One can only hope that the Fed's thinking about the greater chance of a rate increase in September is at the margin. But regardless of what the Fed may think today, I'm willing to bet that by the time we are awaiting the Fed's post meeting press conference on the afternoon of Wednesday, September 21, the odds of a Fed interest rate increase will be back to zero. But that's just one person's view.
So Where Do We Stand Today?
Although like most people's underwear they will probably be different come tomorrow, the following is where the market currently stands with its interest rate expectations for the U.S. Federal Reserve.
Coming into Friday's employment report, the market according to the CME Group 30-day Fed Fund futures was assigning a 0% probability for a 25 basis point increase in interest rates through November 2016. At the same time, a slight 3.6% probability existed for a 25 basis point cut over this same time period. In other words, the market saw absolutely no chance for a Fed rate hike for several months.

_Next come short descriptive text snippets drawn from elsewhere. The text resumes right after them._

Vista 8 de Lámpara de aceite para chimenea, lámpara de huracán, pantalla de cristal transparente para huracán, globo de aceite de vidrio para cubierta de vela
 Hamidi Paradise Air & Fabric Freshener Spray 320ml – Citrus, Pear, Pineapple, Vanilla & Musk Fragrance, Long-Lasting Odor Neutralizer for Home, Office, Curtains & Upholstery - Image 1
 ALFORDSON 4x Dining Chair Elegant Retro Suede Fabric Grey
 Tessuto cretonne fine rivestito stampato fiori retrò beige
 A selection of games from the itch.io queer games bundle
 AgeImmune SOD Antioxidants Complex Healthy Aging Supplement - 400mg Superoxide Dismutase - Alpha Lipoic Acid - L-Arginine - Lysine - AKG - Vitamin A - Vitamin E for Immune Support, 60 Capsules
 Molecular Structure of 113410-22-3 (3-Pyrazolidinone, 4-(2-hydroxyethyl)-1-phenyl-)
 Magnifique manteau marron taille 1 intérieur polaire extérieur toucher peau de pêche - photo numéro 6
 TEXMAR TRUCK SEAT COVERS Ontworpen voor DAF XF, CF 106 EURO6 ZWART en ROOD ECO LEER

But following the release of the June employment report on Friday, the probability for a Fed interest rate cut fell back to 0% while the odds for a Fed rate hike increased to 12%. The same can be said for November, although it is almost impossible to envision the Fed raising interest rates a mere six days before the general election in November, particularly since there is no press conference following this meeting. As for December, the probability for a 25 basis point increase in interest rates has increased to 26.5%, including a 2.3% probability for 50 basis points worth of rate hikes having been achieved by then.
Interestingly, the odds for any further interest rate increases beyond December 2016 are virtually nil, as the current probability for a 25 basis point increase in interest rates by June 2017 is nearly the same at 32.7% as it is in December 2016.
The Bottom Line
The latest monthly employment report, as flawed as it may be, has entered us into our newest chapter of interest rate expectations for the U.S. Federal Reserve. Any expectations for a Fed rate cut are now back off the table. And the probability for one 25 basis point increase by the U.S. Federal Reserve over the next twelve months has increased from about one-in-six or five to roughly one-in-four or three.
For those that are optimistic about the global economic outlook, this is a reassuring shift.
And for those who believe there is no chance that the Fed will be raising interest rates anytime soon, these higher probabilities have the potential to bring back to earth at least to some degree the price of those securities that are expected to perform best in an otherwise slowing global growth environment.